----- Records for this exercise -----
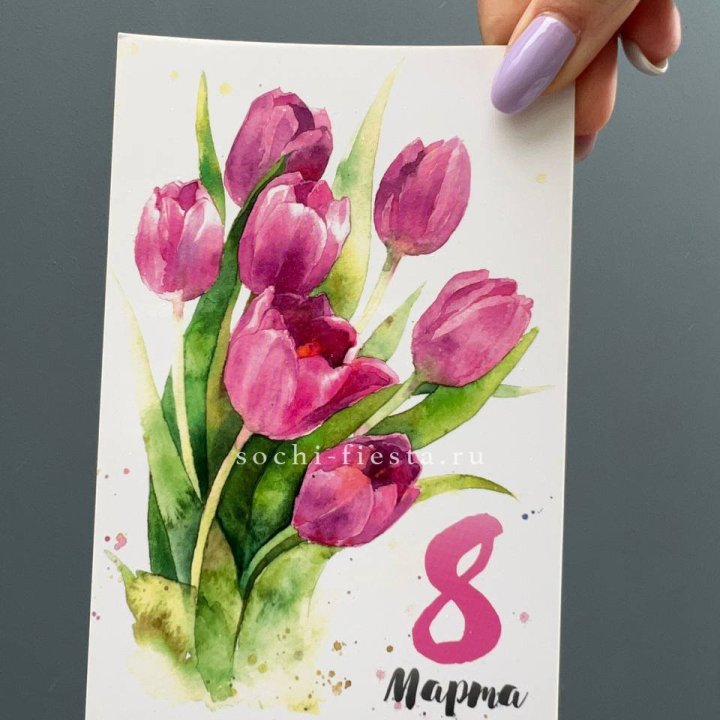 Открытка к букету "8 марта!" в Твери
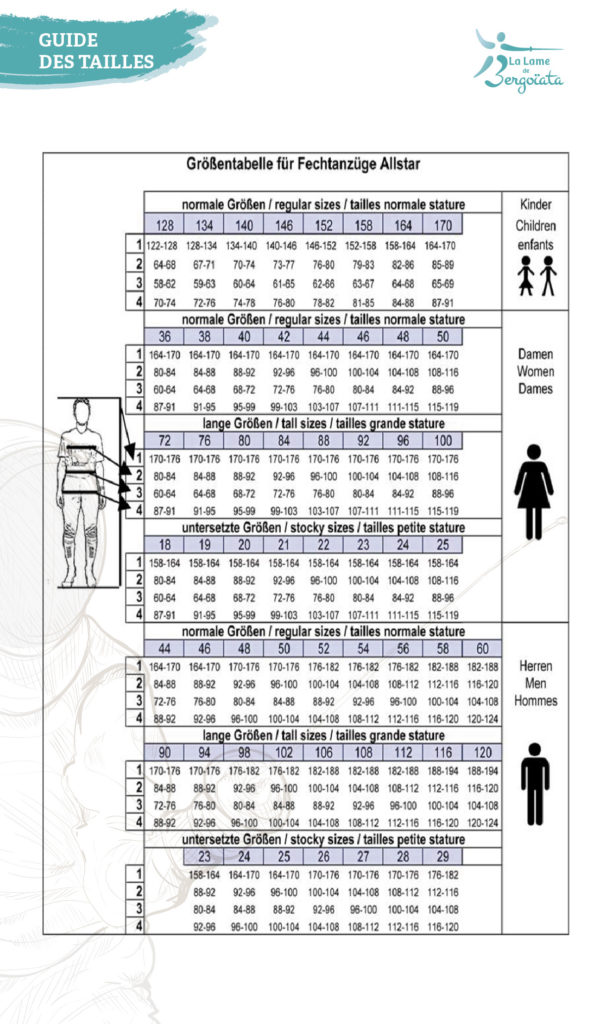 Guide des tailles pour le matériel d'escrime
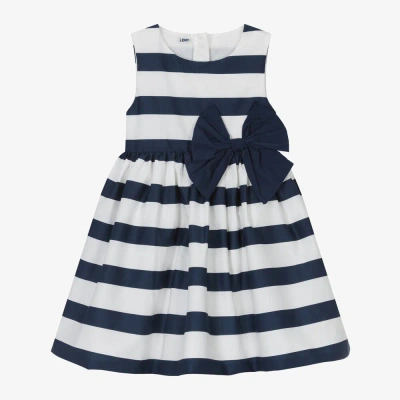 Ido Baby Kids'  Girls Navy Blue Stripe Cotton Dress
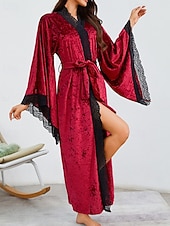 cheap Women's Onesies-Women's Robe Casual Soft Satin Pure Color Lace Patchwork Daily Home Bed Long Sleeve V Neck Black White Wine Summer Spring Loose Fit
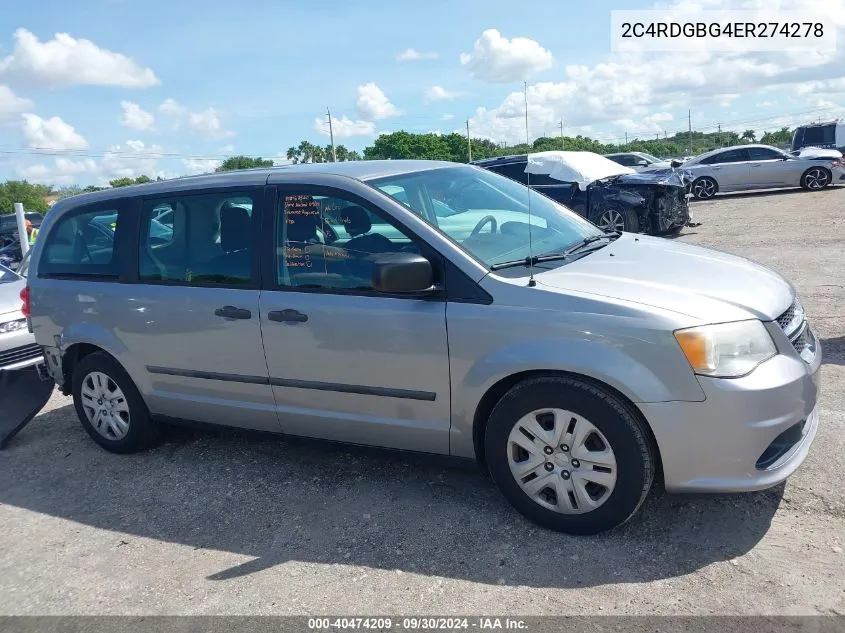 2014 Dodge Grand Caravan American Value Pkg VIN: 2C4RDGBG4ER274278 Lot: 40474209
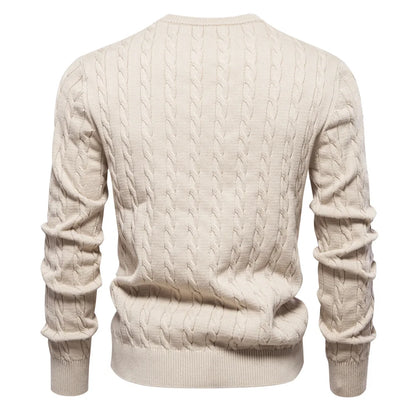 2024 High-quality Men's Sweater Pullover New Deer Embroidery Solid Color Knitted Sweater Men's Knit Sweaters  Men Clothing.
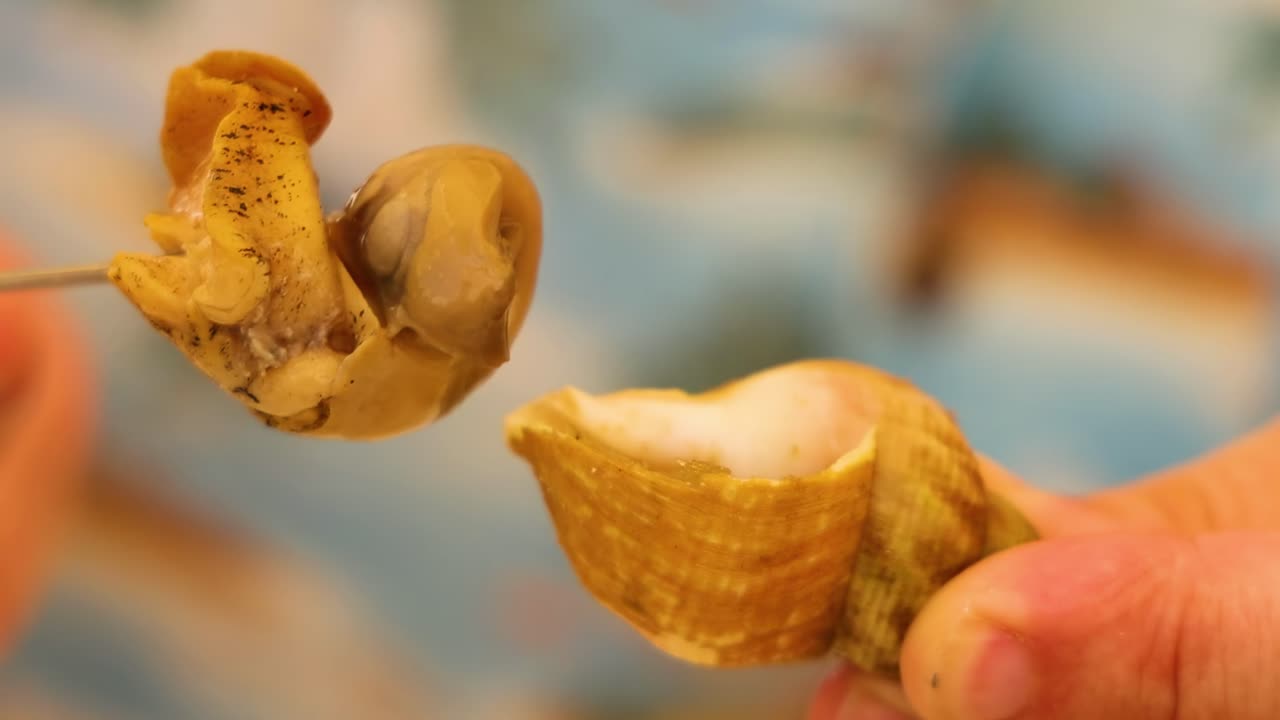 Detailed view of a person using a tool to extract shellfish from its shell.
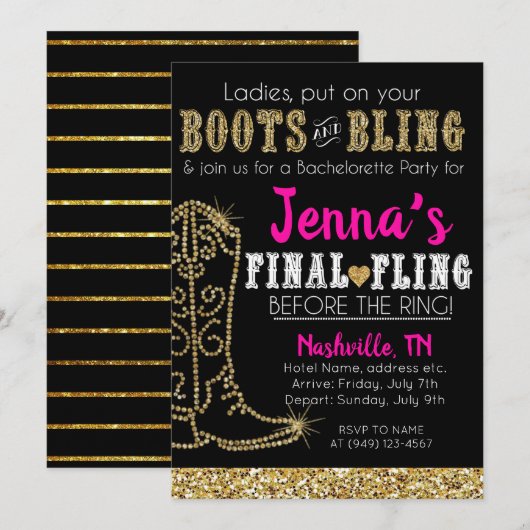 Laarzen en Bling Country Western Nashville Feestje Kaart (Voorkant / Achterkant)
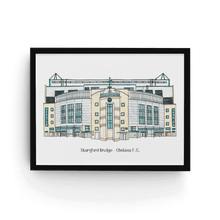 Load image into Gallery viewer, Personalised Chelsea FC Wall Art showing the Stamford Bridge stadium with the words &#39;Stamford Bridge - Chelsea F.C.&#39; printed underneath.
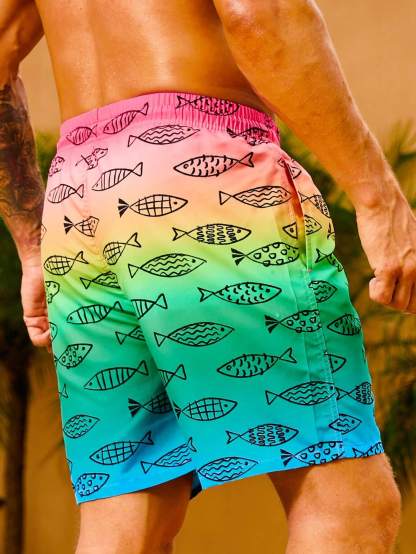 Fish Print Non Stretch Drawstring Waist Swim Trunks-Waves And Trunks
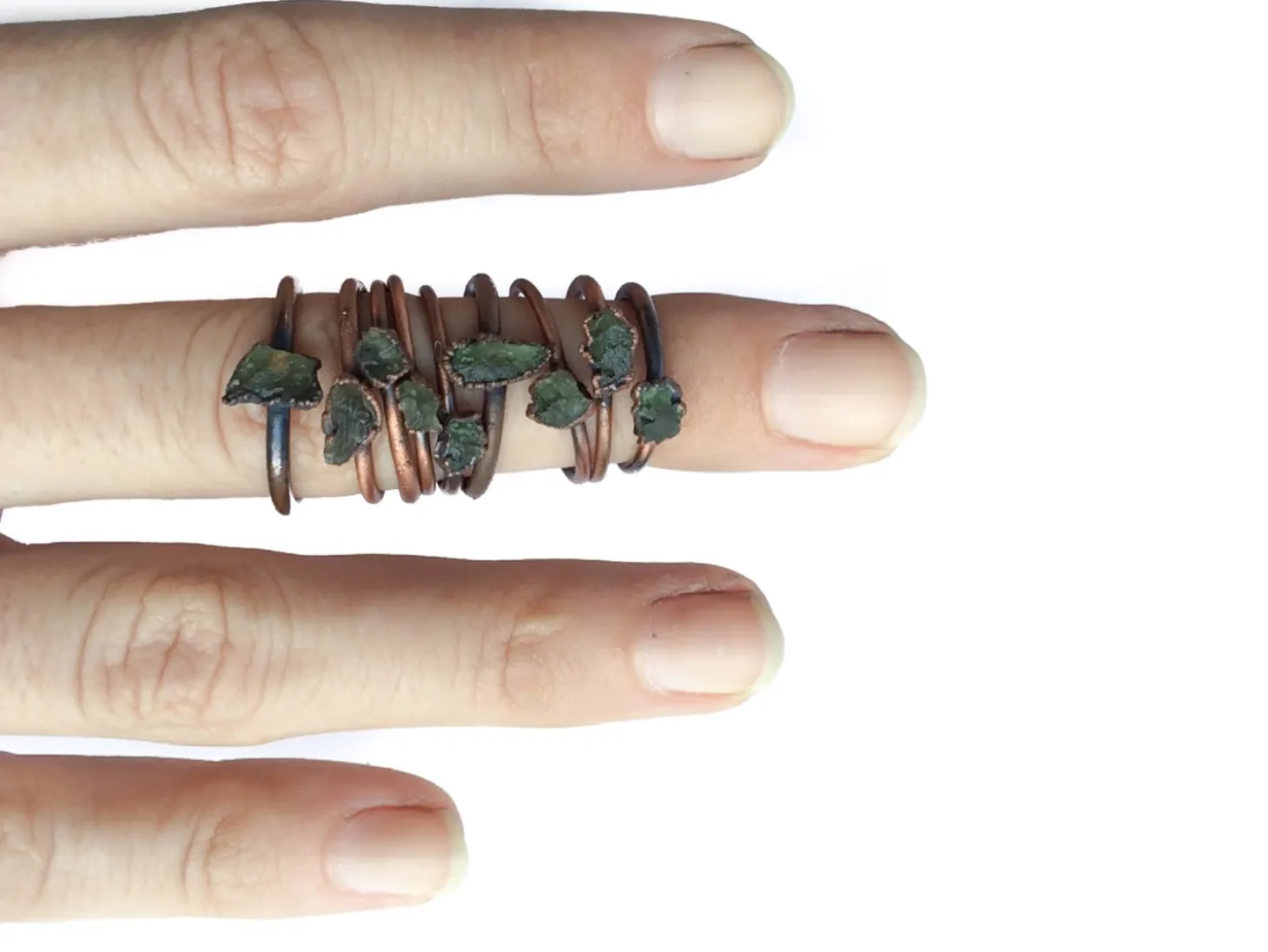 Genuine Moldavite Ring | Czech moldavite stacking ring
-----
_Problem details_. Restate each line above exactly, keeping pictures out.

_Solved exercise_.
 Открытка к букету "8 марта!" в Твери
 Guide des tailles pour le matériel d'escrime
 Ido Baby Kids'  Girls Navy Blue Stripe Cotton Dress
 cheap Women's Onesies-Women's Robe Casual Soft Satin Pure Color Lace Patchwork Daily Home Bed Long Sleeve V Neck Black White Wine Summer Spring Loose Fit
 2014 Dodge Grand Caravan American Value Pkg VIN: 2C4RDGBG4ER274278 Lot: 40474209
 2024 High-quality Men's Sweater Pullover New Deer Embroidery Solid Color Knitted Sweater Men's Knit Sweaters  Men Clothing.
 Detailed view of a person using a tool to extract shellfish from its shell.
 Laarzen en Bling Country Western Nashville Feestje Kaart (Voorkant / Achterkant)
 Load image into Gallery viewer, Personalised Chelsea FC Wall Art showing the Stamford Bridge stadium with the words &#39;Stamford Bridge - Chelsea F.C.&#39; printed underneath.
 Fish Print Non Stretch Drawstring Waist Swim Trunks-Waves And Trunks
 Genuine Moldavite Ring | Czech moldavite stacking ring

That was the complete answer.